→ **Task description**
Repeat the data that follows exactly, starting at the line with "BRIXTON（ブリクストン） メッシュキャップ トラッカー モーター" and ending at the line with "عکس مهران خان یاوری", and leave out every picture.

→ **Record extracts**
'''
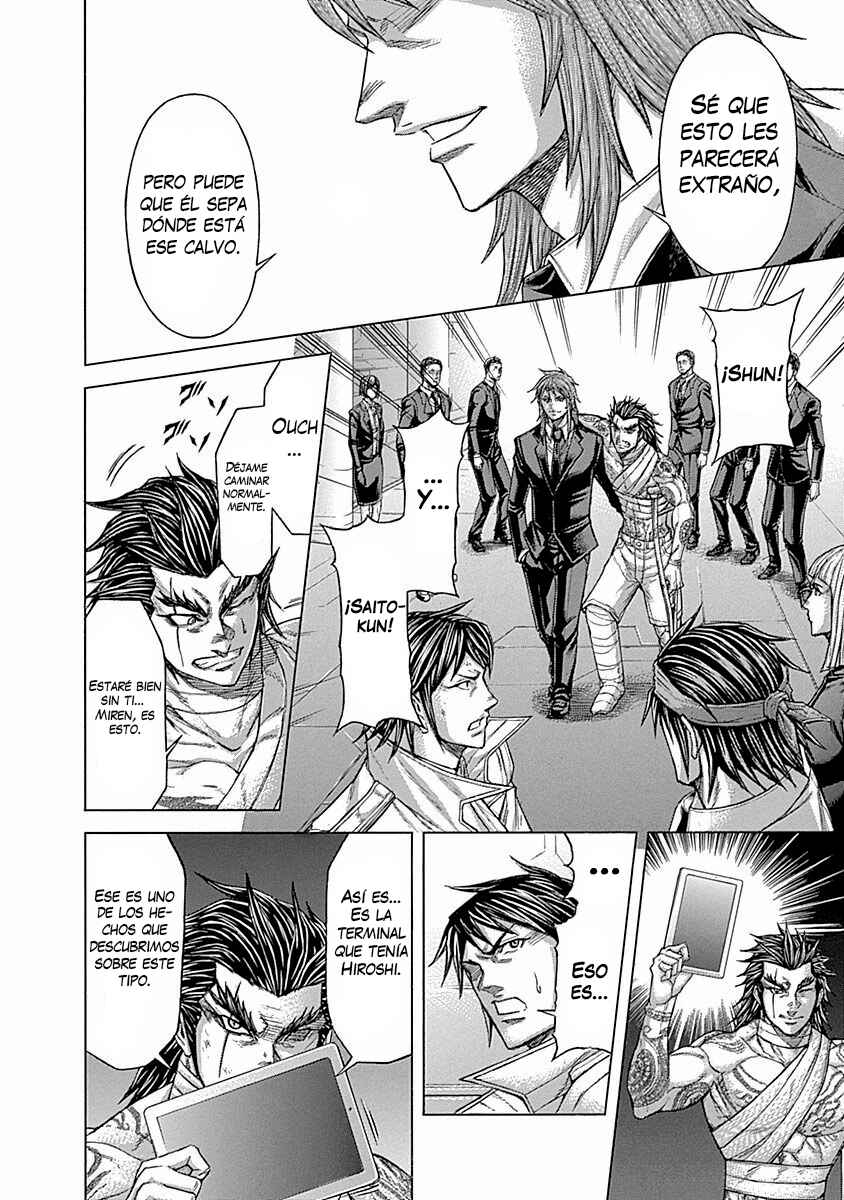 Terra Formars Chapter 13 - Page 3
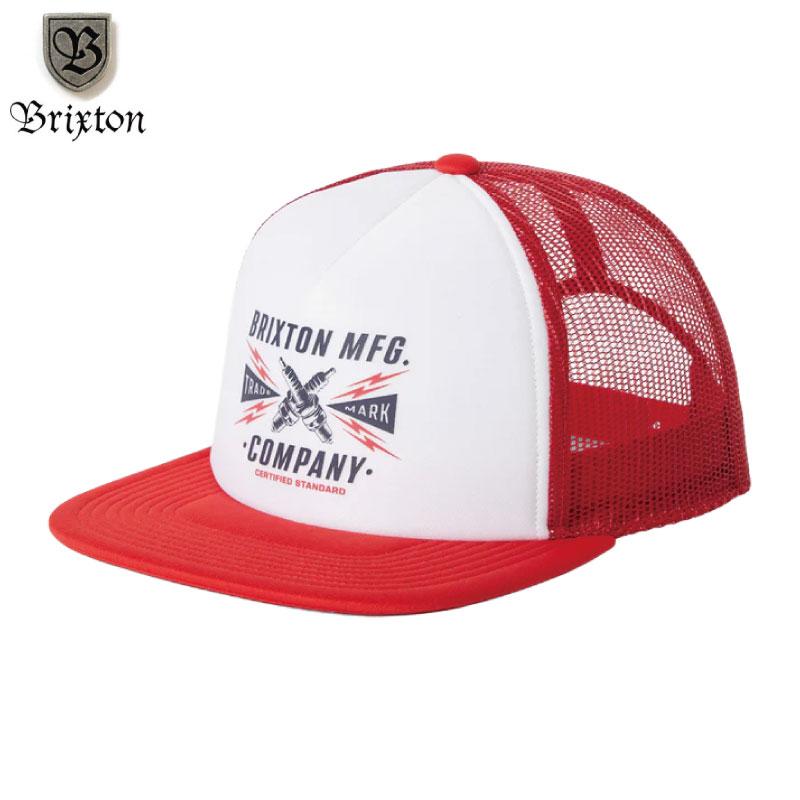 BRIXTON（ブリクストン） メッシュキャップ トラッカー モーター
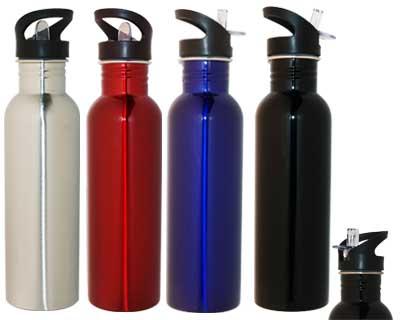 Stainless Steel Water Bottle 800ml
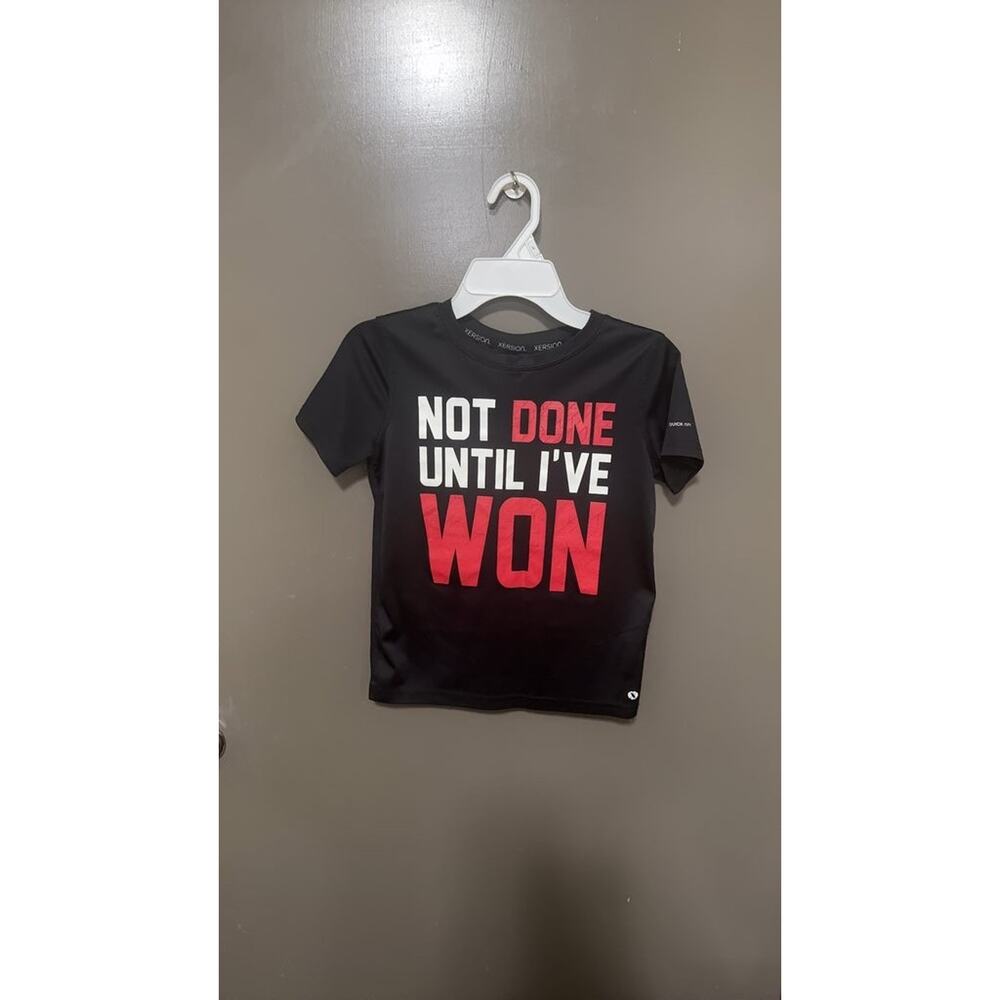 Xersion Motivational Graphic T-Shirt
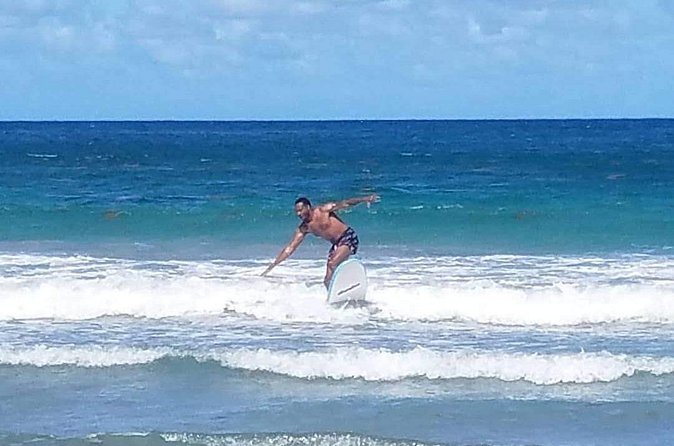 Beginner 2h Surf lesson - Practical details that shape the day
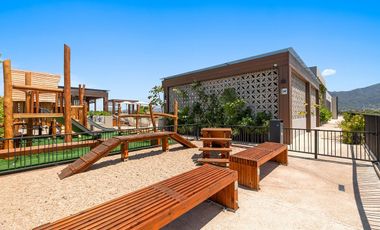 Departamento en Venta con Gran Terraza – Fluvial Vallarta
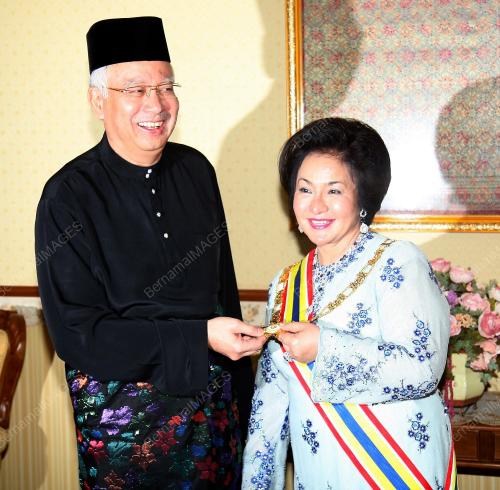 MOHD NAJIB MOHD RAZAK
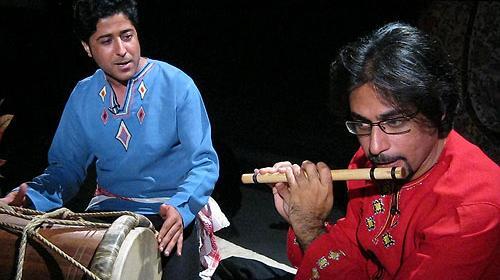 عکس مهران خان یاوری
'''
'''
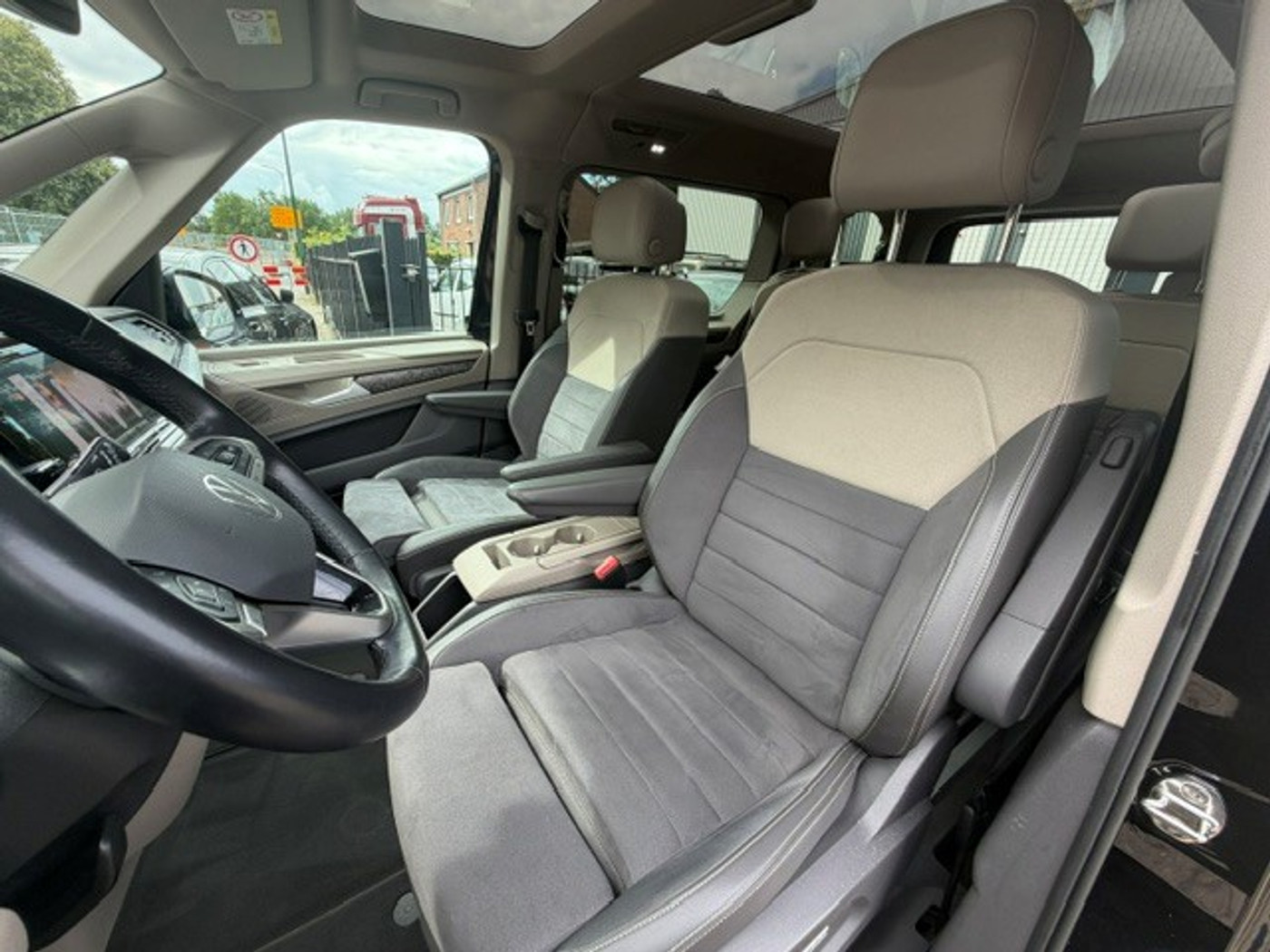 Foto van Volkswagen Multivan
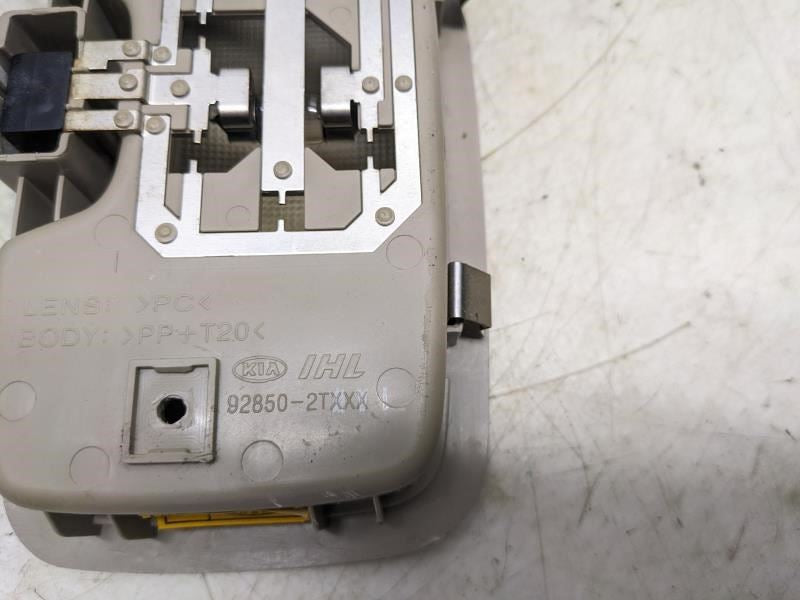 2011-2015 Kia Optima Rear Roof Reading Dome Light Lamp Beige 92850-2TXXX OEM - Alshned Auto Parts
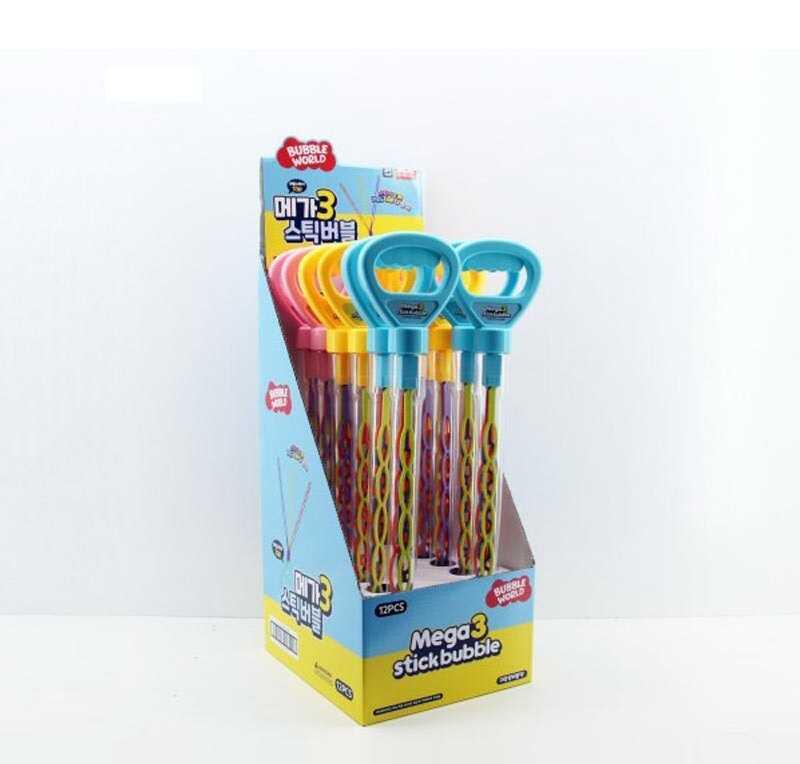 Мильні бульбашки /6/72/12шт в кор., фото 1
'''
'''
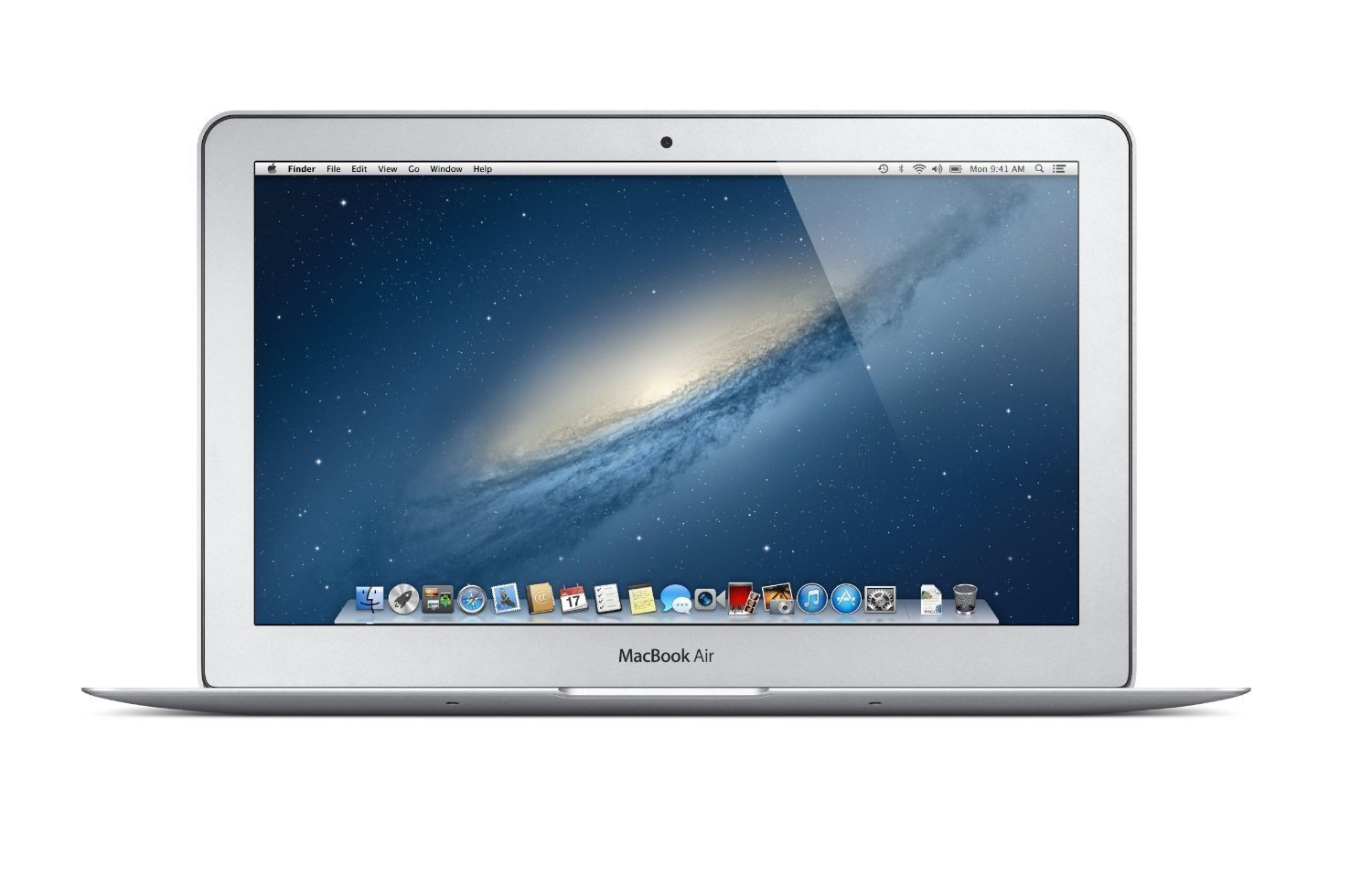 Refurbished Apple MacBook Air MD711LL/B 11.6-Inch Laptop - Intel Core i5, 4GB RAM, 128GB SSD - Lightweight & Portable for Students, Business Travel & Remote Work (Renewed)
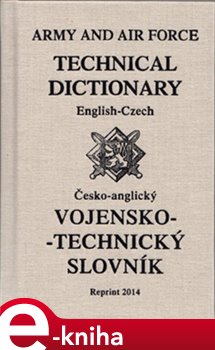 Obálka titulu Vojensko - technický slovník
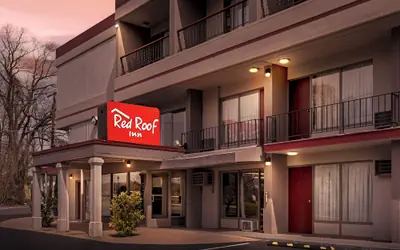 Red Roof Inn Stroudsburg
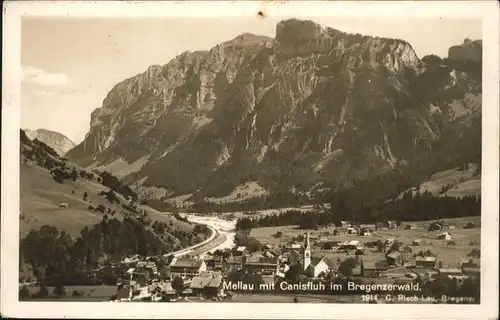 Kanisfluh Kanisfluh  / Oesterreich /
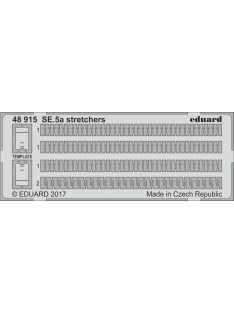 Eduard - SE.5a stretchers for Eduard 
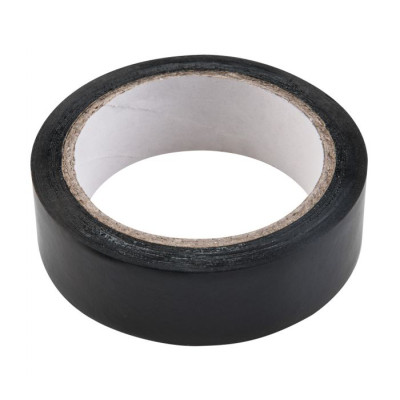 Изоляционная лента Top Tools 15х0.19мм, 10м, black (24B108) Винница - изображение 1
'''
→ **Solution**
 BRIXTON（ブリクストン） メッシュキャップ トラッカー モーター
 Stainless Steel Water Bottle 800ml
 Xersion Motivational Graphic T-Shirt
 Beginner 2h Surf lesson - Practical details that shape the day
 Departamento en Venta con Gran Terraza – Fluvial Vallarta
 MOHD NAJIB MOHD RAZAK
 عکس مهران خان یاوری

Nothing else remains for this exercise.